The FT was allowed unusual access inside the Foxconn plant in Longhua, which has in the past been kept out of view of reporters, and Kathrin Hille’s video interviews with Foxconn employees, as well as the company’s spokesman, are fascinating.
These, for example, are the thoughts of Lu Pengguo, a logistics worker:
“At work, there’s pressure all the time. Sometimes, it all feels so pointless. Then sometimes I feel really tired, annoyed, that I don’t want to work here anymore. . . . On our production line we do the same thing every day, over and over again, day after day, month after month, year after year. It makes me feel drained.”
Perhaps this feeling of repetition, since many people work at the plant for long periods to save enough to return to their home cities and towns, is a factor in the suicides. Foxconn admits that it is scrambling to understand and to halt the deaths.
As Kathrin points out, the first generation of migrants from rural areas were prepared to put up with a lot to earn money in coastal cities but the younger generation is tiring of the working conditions.
It is not the first time that Foxconn has faced public pressure over the plant, where most Apple iPods and iPhones, as well as electronic goods for Sony and Dell. After a critical story about working conditions in 2006, Apple dispatched a team of inspectors there.
Apple’s audit found that:
The manufacturing facility supports over 200,000 employees (Apple uses less than 15% of that capacity) and has the services you’d expect in a medium city. The campus includes factories, employee housing, banks, a post office, a hospital, supermarkets, and a variety of recreational facilities including soccer fields, a swimming pool, TV lounges and Internet cafes . . .

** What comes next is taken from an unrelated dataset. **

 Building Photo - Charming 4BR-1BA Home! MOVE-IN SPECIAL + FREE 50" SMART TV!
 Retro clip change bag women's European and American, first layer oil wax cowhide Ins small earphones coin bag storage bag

We found no instances of forced overtime . . . We did, however, find that employees worked longer hours than permitted by our Code of Conduct, which limits normal workweeks to 60 hours and requires at least one day off each week. We . . . found that the weekly limit was exceeded 35 per cent of the time and employees worked more than six consecutive days 25 per cent of the time.
That is an awful lot of work, repeated “month after month, year after year”.